PROVIDED DATA Block Start

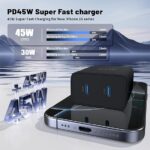 QZIIW Super Fast Samsung Charger Type C,45W Dual Port USB C Fast Charger - Image 3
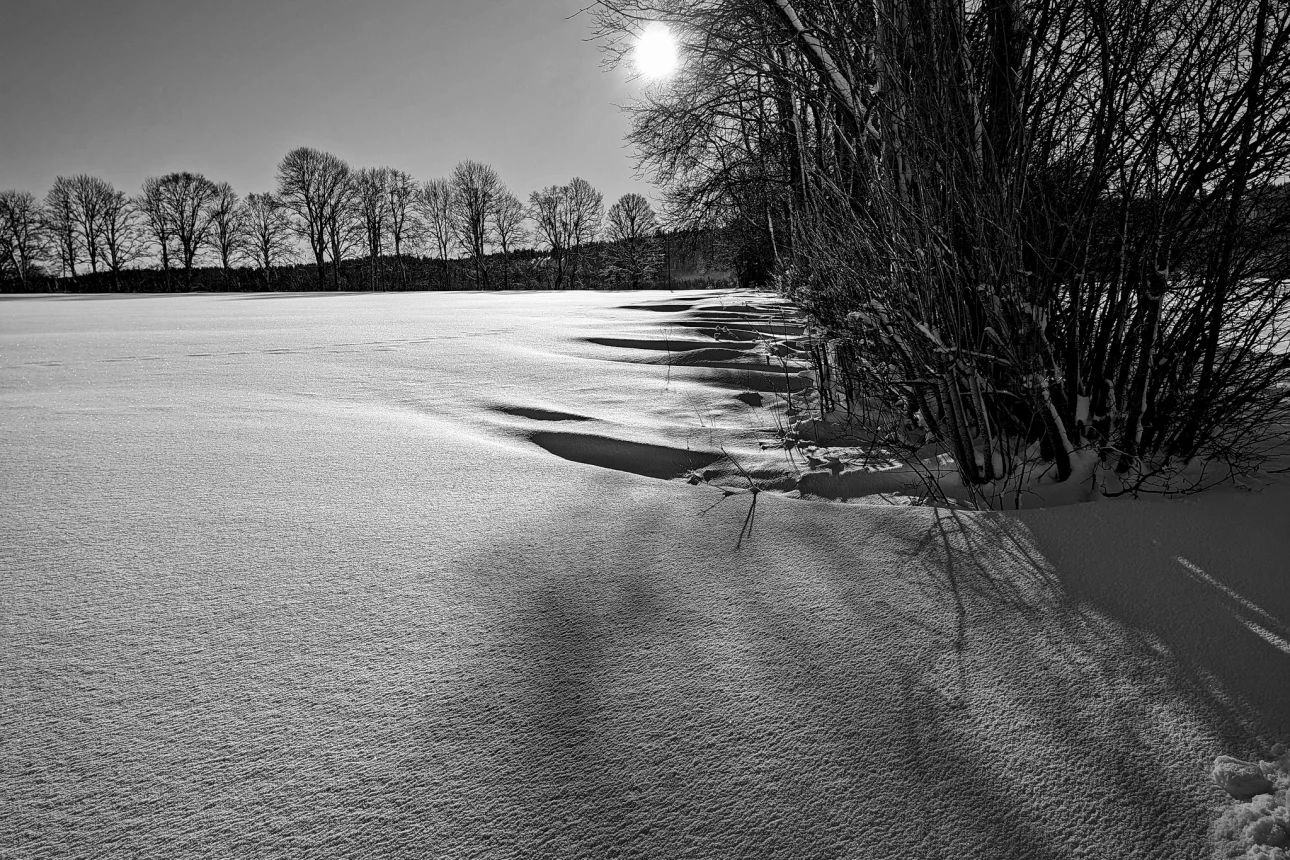 Schnee und Schatten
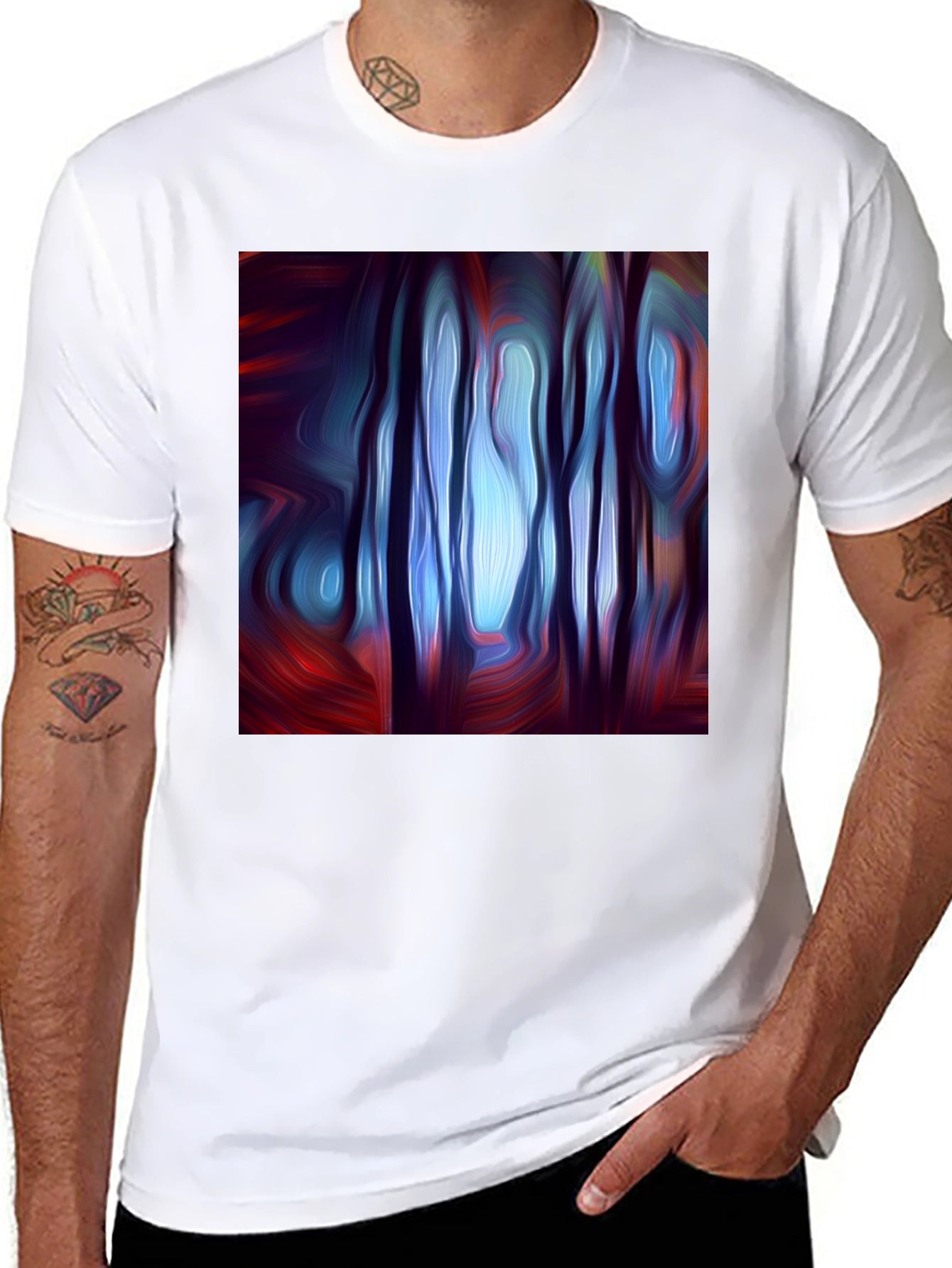 Abstract Forest Art T-Shirt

PROVIDED DATA Block End

▶ [WHAT YOU WILL DO] Repeat each line above exactly. The pictures stay out.

▶ [TASK SOLUTION]
 QZIIW Super Fast Samsung Charger Type C,45W Dual Port USB C Fast Charger - Image 3
 Schnee und Schatten
 Abstract Forest Art T-Shirt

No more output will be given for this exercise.